Soldiers stationed outside the government building and the Egyptian Antiquities Museum, part of which was looted over the weekend, avoided clashing with the protestors and did not use any force against those who defied Saturday's curfew.
The writing "Mubarak, take your son and get out of here" was spray-painted on one of the tanks.
More than 100 people were killed in anti-government protests in Egypt in the past five days. Would-be looters broke into Cairo's famed Egyptian Museum, ripping the heads off two mummies and damaging about 10 small artifacts before being caught and detained by army soldiers, Egypt's antiquities chief said Saturday.
Zahi Hawass said the vandals did not manage to steal any of the museum's antiquities, and that the prized collection was now safe and under military guard.
State TV reported that soldiers seized government posts in Alexandria as well. As number of injured rises, hospitals are working around the clock to handle the burden. According to al-Jazeera, doctors in Cairo hospitals have called on citizens to donate blood due to the growing need for blood units to treat the injured.
The al-Arabiya network reported that the army conducted a wave of arrests against "rioters" in several areas in Cairo. Money and hashish were seen alongside the detainees.
The Egyptian regime is seeking to demonstrate its determination to restore order, following the army's declaration that it would use a firm hand against rioters. A special call center set up by the army for reports on attacks and looting could not handle all the calls.
Pyramids, Taba casino closed
The army has closed the pyramid site and the Egyptian security forces have evacuated tourists from the Taba area. The casinos were closed by the army, and Israelis vacationing in the Sinai Peninsula were asked to leave their hotels on Saturday night and return to Israel immediately.
Despite the shaky situation, non-Israeli tourists were seen crossing the border towards Sinai after touring Israel.
Security sources told the al-Arabiya network that thousands of prisoners had escaped from the Wadi el-Natrun Prison, north of Cairo, where radical Islamic activists are held. Some of the inmates managed to escape to Gaza. Palestinian sources said several prisoners had already reached their homes in the Strip.

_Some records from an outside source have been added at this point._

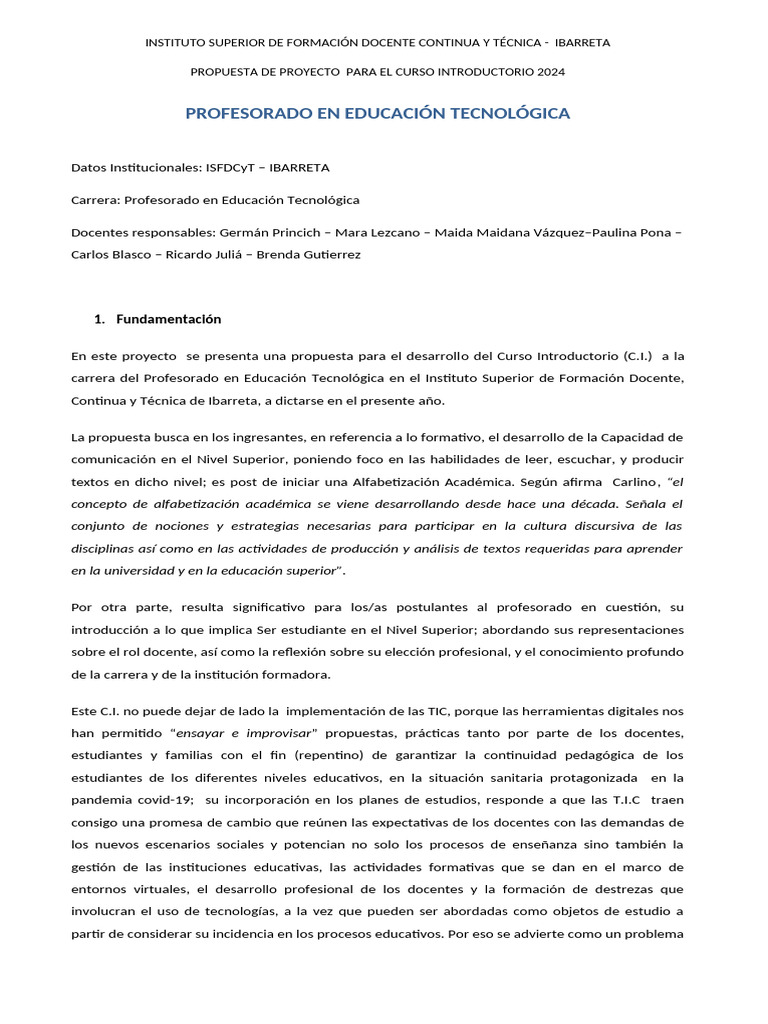 Curso Introd 2024 Tecnol Isfd Ibta | PDF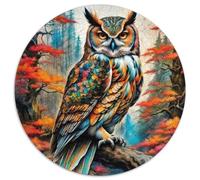 Hiouf Puzzle 1000 Pièces Jeu Cadeau Unique Oiseau de Proie Puzzle Rond DIY pour Adultes Et Enfants1000pcs (67.5x67.5cm)
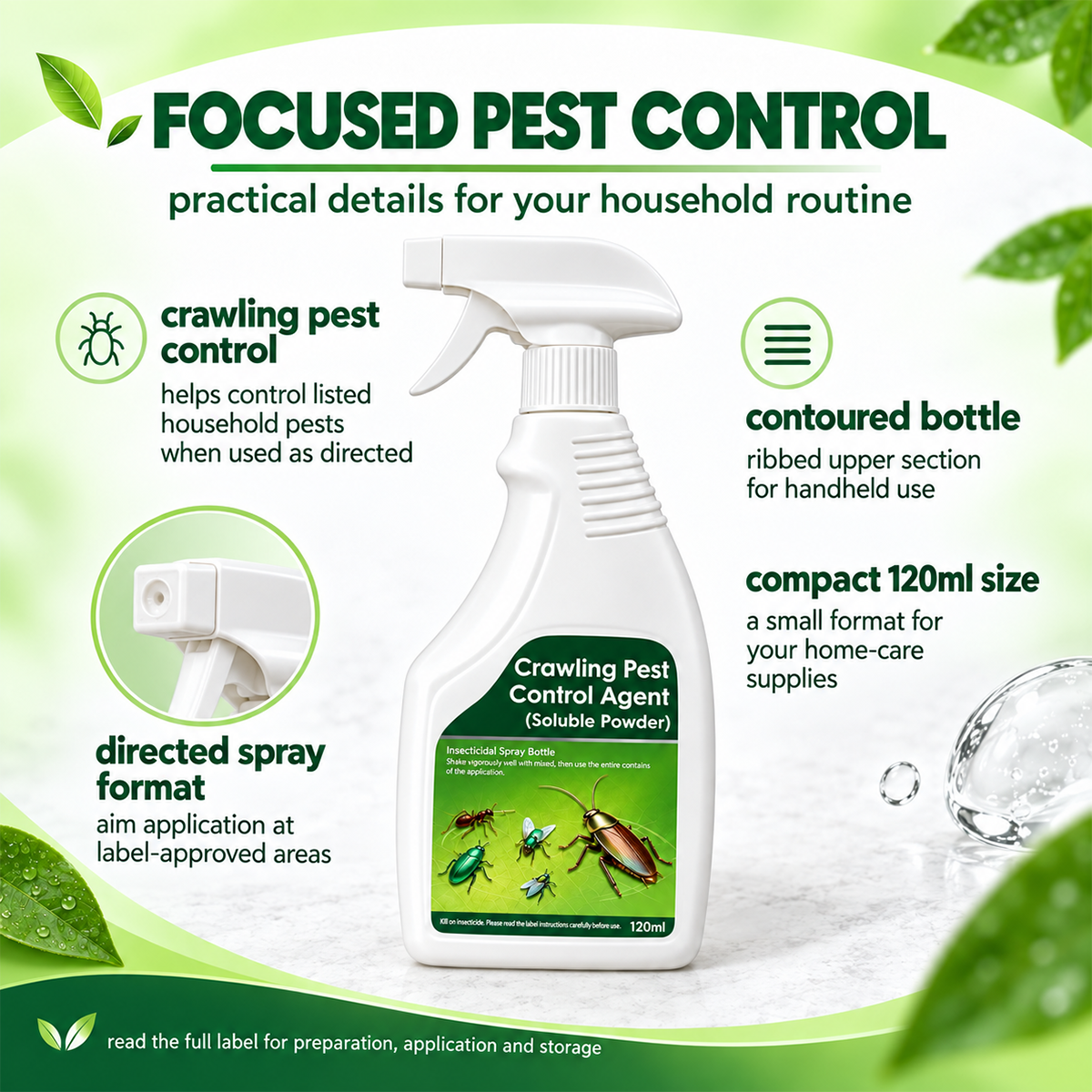 Multi-Purpose Pest Control Kit for Roaches, Ants & Spiders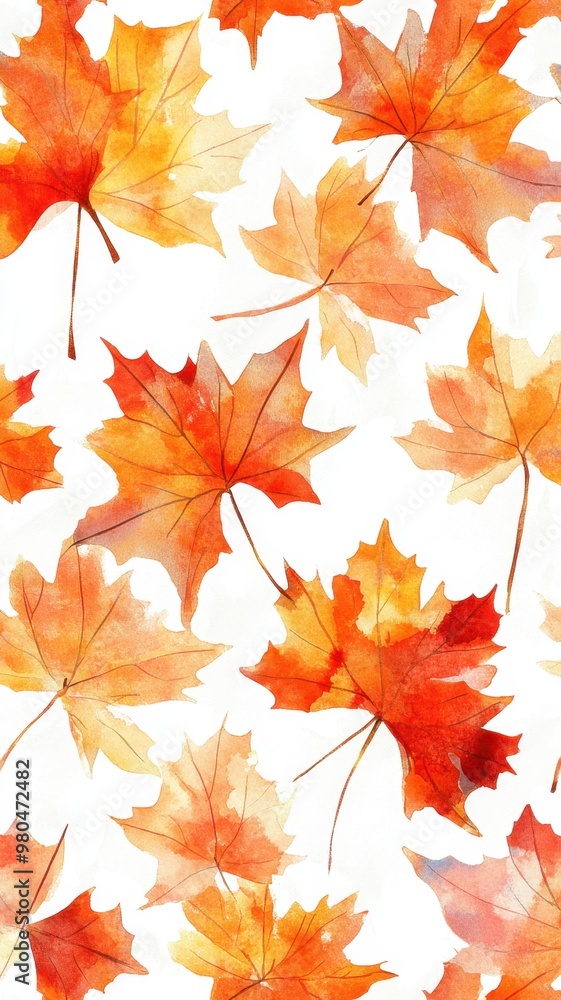 Watercolor collection of autumn maple leaves and red,yellow,Hand drawn nature design elements isolated on white background,Hand paint,Perfect for creating cards, design,copy space. Watercolor collection of autumn maple leaves and red,yellow,Hand drawn nature design elements isolated on white background,Hand paint,Perfect for creating cards, design,copy space.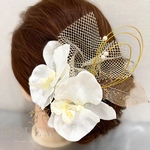 《OPENセール》結婚式/成人式/ブライダル/白無垢/和装/着物/浴衣　髪飾り ヘッドドレス ウェディング 209 胡蝶蘭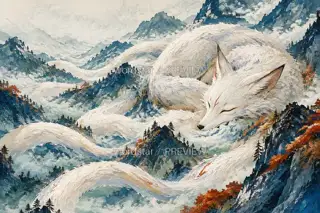 山为狐眠 · 插画 图像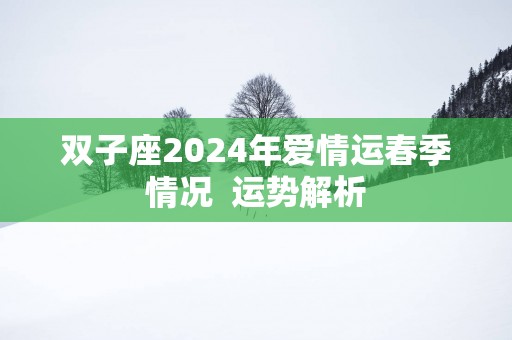 双子座2024年爱情运春季情况 运势解析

The protest in Egypt continued over the weekend alongside political changes. President Mubarak appointed Intelligence Chief Omar Suleiman as his deputy, marking the first time the Egyptian leader ever made such appointment.
Mubarak also appointed a new prime minister - former Egyptian Air Force Chief Ahmed Shafiq, who served as civil aviation minister in the government. The appointment was considered a surprise, as the minister of international trade was expected to form the new Egyptian government.
Al-Jazeera said Saturday that Mubarak's wife and two sons arrived in London with their families, but this report was denied by Cairo. Mubarak's son, Gamal, resigned from all his posts in Egypt's ruling party.
Cairo officials expect the riots to continue. Mohammed M. Abou El-Enein, chairman of the Industry and Energy Committee at the Egyptian People's Assembly, said that "the Egyptian security position will change completely within hours."
He told al-Arabiya that "the army will boost its deployment, the security forces will enter vital areas, and the army will deploy in all parts of Egypt alongside the police forces."
As for the political aspect, the parliament member said "a significant change is expected in the government. This is a vital demand and it will be fulfilled."